Unlike oil or natural gas, gold is not consumed but stored, meaning traditional supply-demand models are inadequate. Instead, the market clears through changes in ownership.
“Conviction flows – the directional force – explain 70% of monthly gold price moves,” Goldman Sachs strategist Lina Thomas said in a note.
These conviction buyers include exchange-traded funds (ETFs), speculators, and, most importantly, central banks. Goldman groups them together because their flows have a similar price impact, even if the underlying motives differ.
ETFs, for instance, are highly rate-sensitive and respond gradually to Fed policy shifts, while central banks buy for financial or geopolitical reasons.
Goldman’s strategists estimate that “100 tonnes of net purchases by conviction holders – central banks, speculators, and ETFs – corresponds to a 1.7% rise in the gold price.” Opportunistic buyers, such as households in emerging markets, play a supporting role by cushioning moves, but they do not drive the trend.
This helps explain why central bank buying often moves gold by more than investors might expect. Unlike other commodities, higher prices do not automatically trigger more supply or curb demand.

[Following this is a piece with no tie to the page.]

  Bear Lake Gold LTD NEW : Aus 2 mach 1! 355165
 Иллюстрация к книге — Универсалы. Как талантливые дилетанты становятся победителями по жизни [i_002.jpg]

Mine output is stable and price inelastic, while emerging-market households rarely sell, keeping most of their gold locked away.
That means when conviction buyers step in, prices can run far. Thomas emphasizes that “price moves are driven by one ratio: net conviction purchases/mining supply.” With mine production steady, even modest swings in conviction flows account for nearly all month-to-month variation in gold prices.
Recent history underlines the point. Central banks shifted from being net sellers to net buyers after the global financial crisis, and purchases accelerated sharply following the 2022 freezing of Russia’s reserves.
“Emerging market (EM) central banks responded by buying gold as the one reserve asset that cannot be frozen if held domestically,” Thomas notes.
This fivefold surge in official demand reset the relationship between interest rates and gold prices, as ETF outflows were more than offset by sovereign accumulation.
The report also highlights that central bank demand moves in long cycles, driven by financial or geopolitical concerns.
Net buying tends to rise when confidence in the reserve system wanes, such as during sanctions or fiscal sustainability worries. When trust is restored, the urgency fades and flows slow.
In practical terms, price direction in gold is set by conviction flows relative to limited new mine supply. That is why even modest shifts in central bank buying can have disproportionately large effects on gold.